Task item: In the entries below, which lines run from the one containing "Baby Girls' Flying" to the one containing "Leistung 0-12 Watt."? Copy exactly those lines, ends included, and no others.

#### Record excerpts

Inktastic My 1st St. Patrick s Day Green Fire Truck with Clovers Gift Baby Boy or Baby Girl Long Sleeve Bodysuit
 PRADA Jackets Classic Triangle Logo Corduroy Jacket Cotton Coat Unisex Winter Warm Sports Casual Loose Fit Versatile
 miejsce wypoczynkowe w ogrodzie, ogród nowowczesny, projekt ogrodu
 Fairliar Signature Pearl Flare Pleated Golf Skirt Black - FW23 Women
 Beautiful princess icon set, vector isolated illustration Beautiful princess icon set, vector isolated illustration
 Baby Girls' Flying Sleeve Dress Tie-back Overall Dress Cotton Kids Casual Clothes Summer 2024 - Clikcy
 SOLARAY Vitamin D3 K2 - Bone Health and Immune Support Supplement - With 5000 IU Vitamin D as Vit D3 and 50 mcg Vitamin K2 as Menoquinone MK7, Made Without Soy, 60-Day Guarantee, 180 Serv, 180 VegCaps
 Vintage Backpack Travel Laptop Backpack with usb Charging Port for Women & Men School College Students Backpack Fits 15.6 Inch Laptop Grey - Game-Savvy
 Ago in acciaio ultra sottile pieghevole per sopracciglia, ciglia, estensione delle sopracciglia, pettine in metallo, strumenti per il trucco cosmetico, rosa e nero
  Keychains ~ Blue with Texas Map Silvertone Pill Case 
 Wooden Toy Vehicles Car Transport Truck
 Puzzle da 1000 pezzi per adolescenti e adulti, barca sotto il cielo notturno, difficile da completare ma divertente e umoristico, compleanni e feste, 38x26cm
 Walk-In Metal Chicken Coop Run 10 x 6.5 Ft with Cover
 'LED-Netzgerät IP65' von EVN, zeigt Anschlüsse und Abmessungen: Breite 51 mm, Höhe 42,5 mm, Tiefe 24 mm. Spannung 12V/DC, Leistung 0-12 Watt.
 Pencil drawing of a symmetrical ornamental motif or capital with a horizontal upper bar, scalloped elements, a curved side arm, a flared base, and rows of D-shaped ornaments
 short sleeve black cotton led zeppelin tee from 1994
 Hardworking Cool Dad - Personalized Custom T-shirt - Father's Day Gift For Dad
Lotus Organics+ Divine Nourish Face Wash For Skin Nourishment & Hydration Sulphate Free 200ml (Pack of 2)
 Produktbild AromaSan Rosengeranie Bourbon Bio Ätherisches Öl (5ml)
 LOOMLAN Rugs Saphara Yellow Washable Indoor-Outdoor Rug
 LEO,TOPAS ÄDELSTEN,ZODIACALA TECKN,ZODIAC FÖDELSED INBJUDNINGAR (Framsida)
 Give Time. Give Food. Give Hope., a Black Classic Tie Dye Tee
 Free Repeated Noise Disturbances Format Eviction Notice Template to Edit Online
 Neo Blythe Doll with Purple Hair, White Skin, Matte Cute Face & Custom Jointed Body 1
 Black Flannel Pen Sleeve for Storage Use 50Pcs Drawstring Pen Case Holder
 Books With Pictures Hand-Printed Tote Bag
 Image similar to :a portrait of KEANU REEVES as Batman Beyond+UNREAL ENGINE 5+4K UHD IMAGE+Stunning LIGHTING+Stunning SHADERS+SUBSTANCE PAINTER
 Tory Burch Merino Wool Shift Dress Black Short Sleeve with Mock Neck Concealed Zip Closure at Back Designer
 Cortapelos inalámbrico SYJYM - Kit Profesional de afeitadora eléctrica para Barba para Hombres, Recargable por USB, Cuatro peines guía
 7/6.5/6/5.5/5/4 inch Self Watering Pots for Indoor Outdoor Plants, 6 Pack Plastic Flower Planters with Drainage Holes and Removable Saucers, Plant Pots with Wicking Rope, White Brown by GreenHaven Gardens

########

Written response:
 Baby Girls' Flying Sleeve Dress Tie-back Overall Dress Cotton Kids Casual Clothes Summer 2024 - Clikcy
 SOLARAY Vitamin D3 K2 - Bone Health and Immune Support Supplement - With 5000 IU Vitamin D as Vit D3 and 50 mcg Vitamin K2 as Menoquinone MK7, Made Without Soy, 60-Day Guarantee, 180 Serv, 180 VegCaps
 Vintage Backpack Travel Laptop Backpack with usb Charging Port for Women & Men School College Students Backpack Fits 15.6 Inch Laptop Grey - Game-Savvy
 Ago in acciaio ultra sottile pieghevole per sopracciglia, ciglia, estensione delle sopracciglia, pettine in metallo, strumenti per il trucco cosmetico, rosa e nero
  Keychains ~ Blue with Texas Map Silvertone Pill Case 
 Wooden Toy Vehicles Car Transport Truck
 Puzzle da 1000 pezzi per adolescenti e adulti, barca sotto il cielo notturno, difficile da completare ma divertente e umoristico, compleanni e feste, 38x26cm
 Walk-In Metal Chicken Coop Run 10 x 6.5 Ft with Cover
 'LED-Netzgerät IP65' von EVN, zeigt Anschlüsse und Abmessungen: Breite 51 mm, Höhe 42,5 mm, Tiefe 24 mm. Spannung 12V/DC, Leistung 0-12 Watt.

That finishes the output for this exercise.